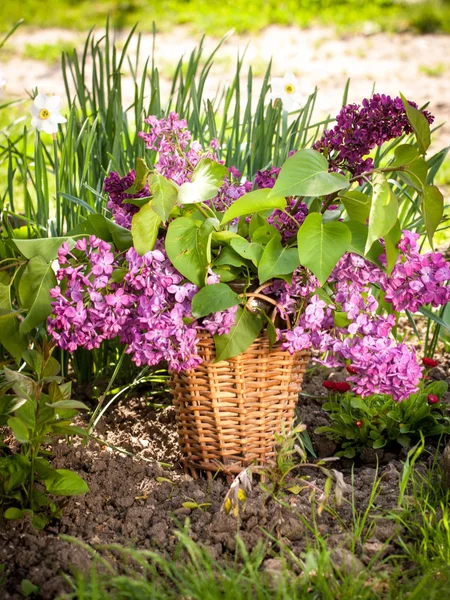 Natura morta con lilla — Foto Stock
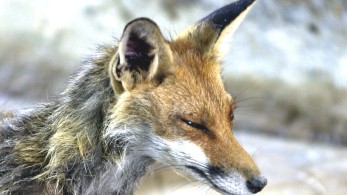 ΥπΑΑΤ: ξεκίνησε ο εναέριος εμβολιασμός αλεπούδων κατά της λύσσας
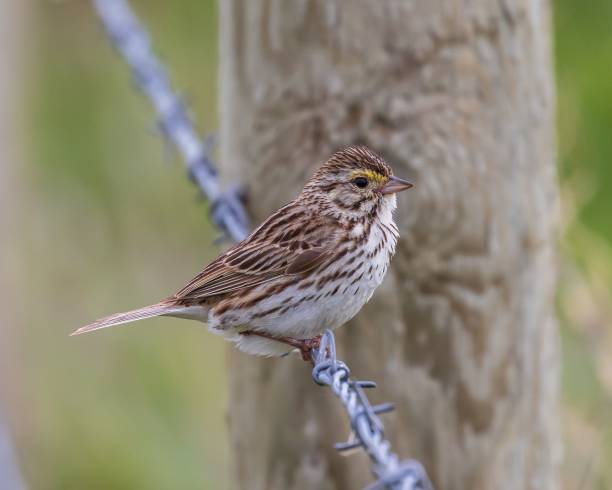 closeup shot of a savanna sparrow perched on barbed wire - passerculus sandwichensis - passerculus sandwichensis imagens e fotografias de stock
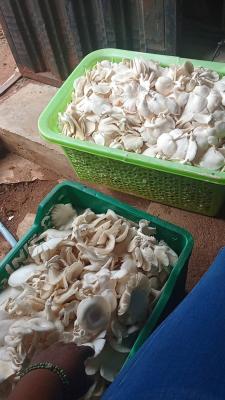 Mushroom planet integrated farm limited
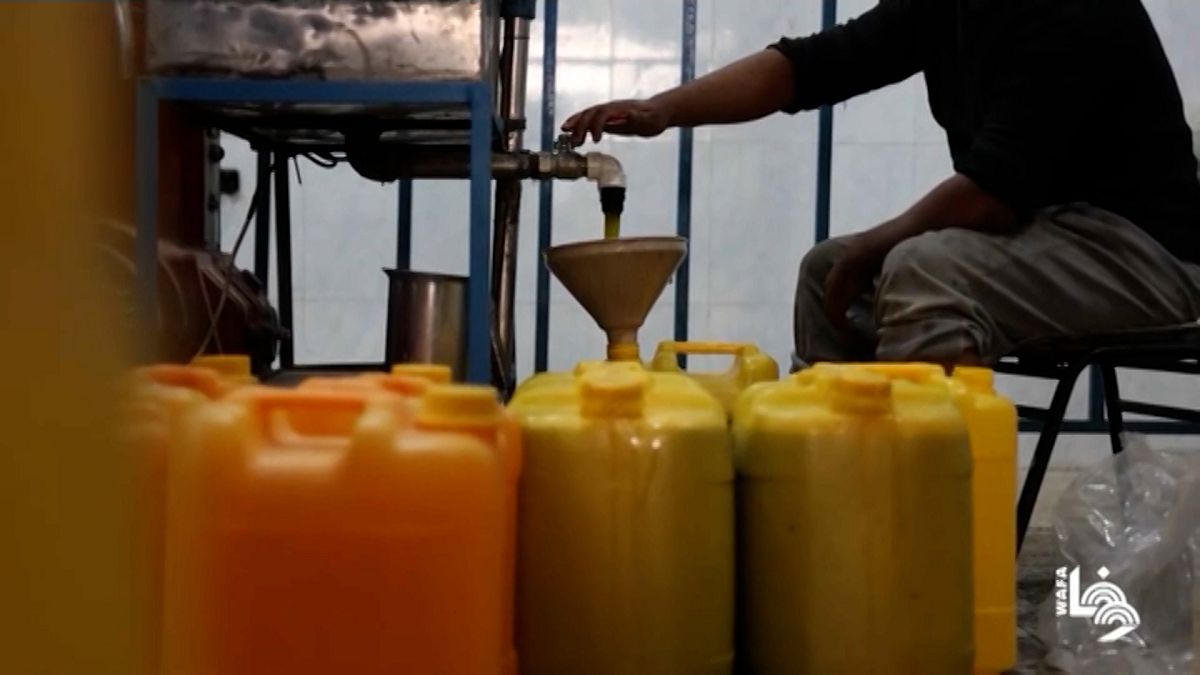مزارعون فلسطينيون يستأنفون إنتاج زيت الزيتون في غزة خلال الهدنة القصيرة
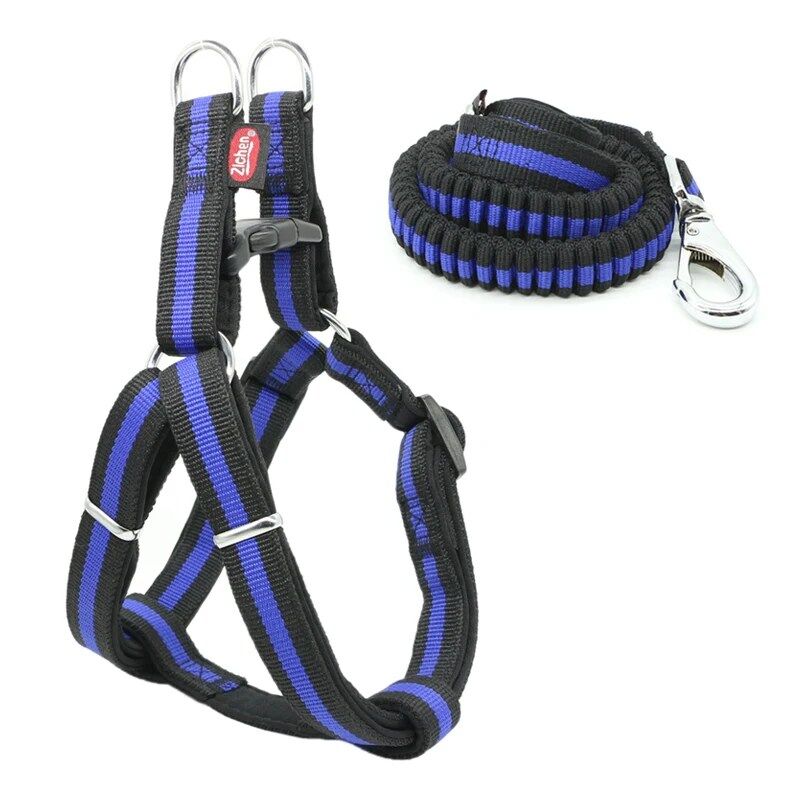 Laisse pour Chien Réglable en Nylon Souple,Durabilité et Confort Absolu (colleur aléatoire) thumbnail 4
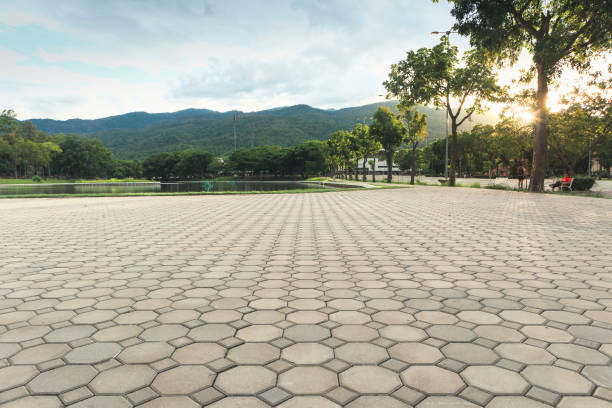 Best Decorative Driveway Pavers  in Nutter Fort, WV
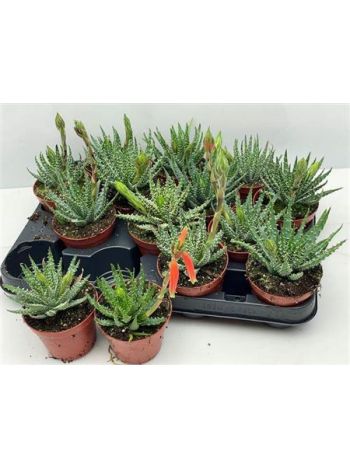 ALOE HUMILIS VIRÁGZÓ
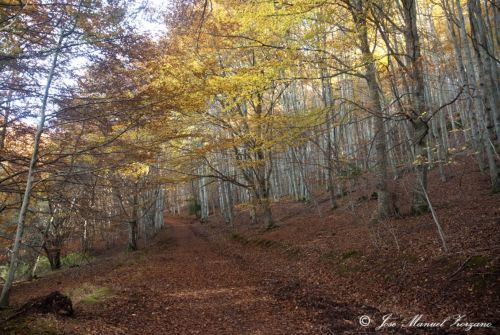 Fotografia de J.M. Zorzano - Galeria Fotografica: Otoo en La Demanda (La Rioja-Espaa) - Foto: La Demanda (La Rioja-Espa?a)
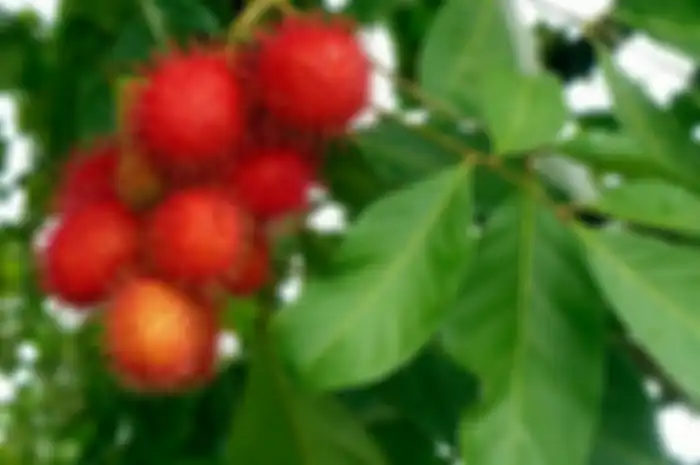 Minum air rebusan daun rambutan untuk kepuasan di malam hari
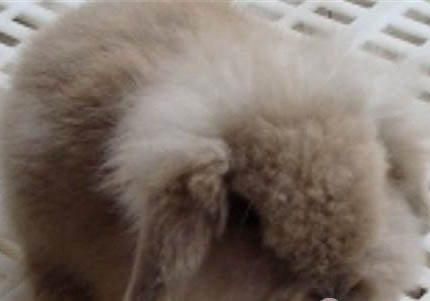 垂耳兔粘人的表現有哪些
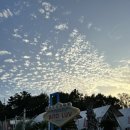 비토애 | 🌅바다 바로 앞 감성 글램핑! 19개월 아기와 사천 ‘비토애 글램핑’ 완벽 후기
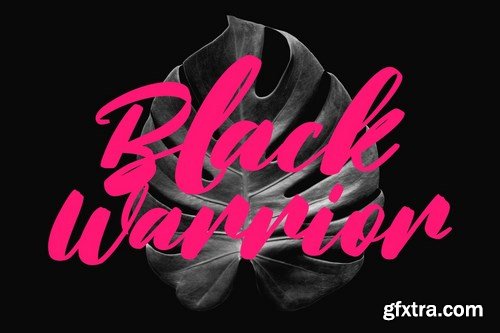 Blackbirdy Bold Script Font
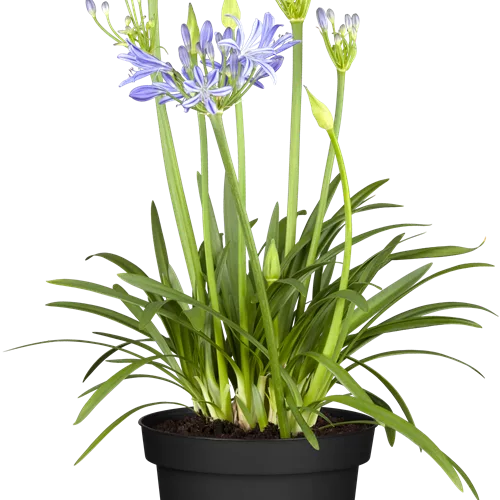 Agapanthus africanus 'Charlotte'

...

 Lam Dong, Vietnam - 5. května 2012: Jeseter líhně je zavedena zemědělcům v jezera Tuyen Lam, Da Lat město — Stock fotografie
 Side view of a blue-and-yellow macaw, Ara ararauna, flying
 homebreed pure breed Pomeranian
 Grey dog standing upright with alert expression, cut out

...

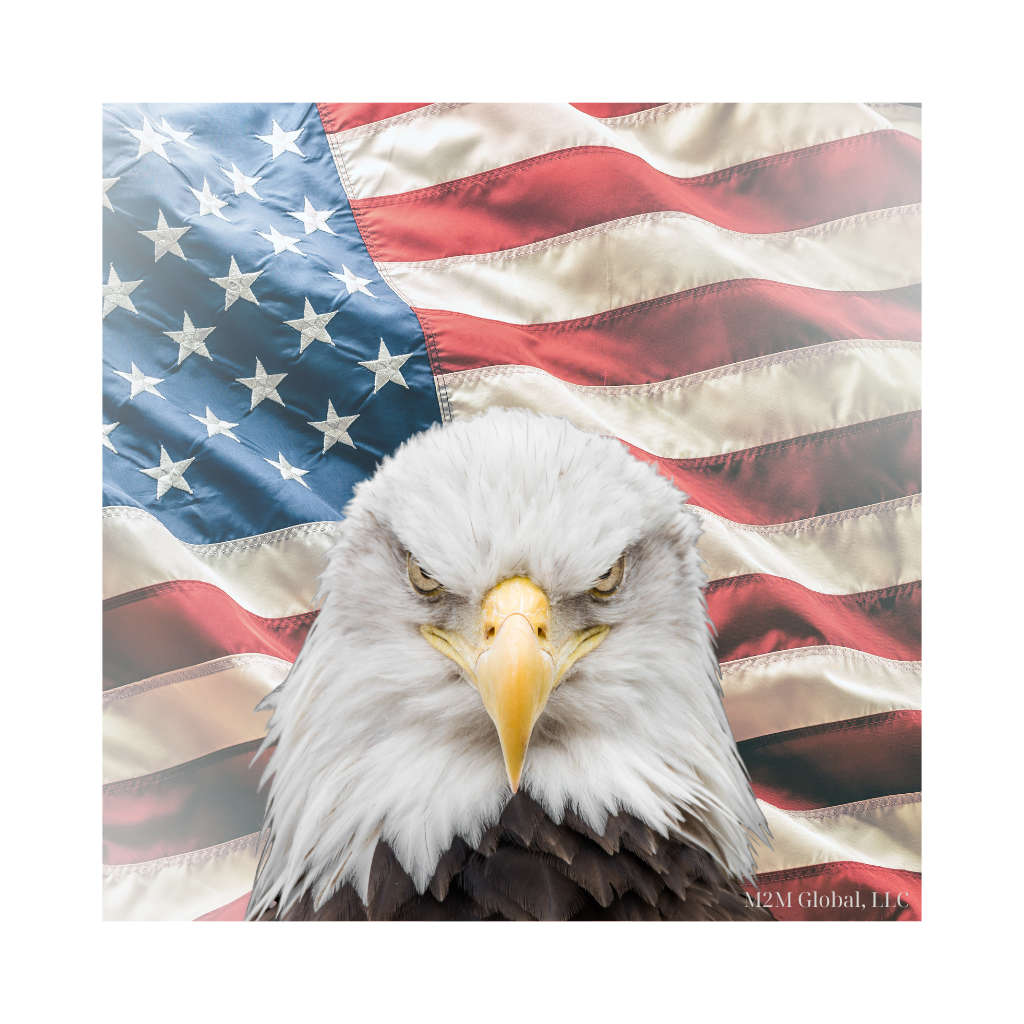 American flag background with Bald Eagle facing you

▶ Brief:
Would you print exactly the lines in the listing above, from the line bearing "Natura morta con lilla — Foto Stock" through the line bearing "Laisse pour Chien", leaving out all pictures?

▶ Task answer:
 Natura morta con lilla — Foto Stock
 ΥπΑΑΤ: ξεκίνησε ο εναέριος εμβολιασμός αλεπούδων κατά της λύσσας
 closeup shot of a savanna sparrow perched on barbed wire - passerculus sandwichensis - passerculus sandwichensis imagens e fotografias de stock
 Mushroom planet integrated farm limited
مزارعون فلسطينيون يستأنفون إنتاج زيت الزيتون في غزة خلال الهدنة القصيرة
 Laisse pour Chien Réglable en Nylon Souple,Durabilité et Confort Absolu (colleur aléatoire) thumbnail 4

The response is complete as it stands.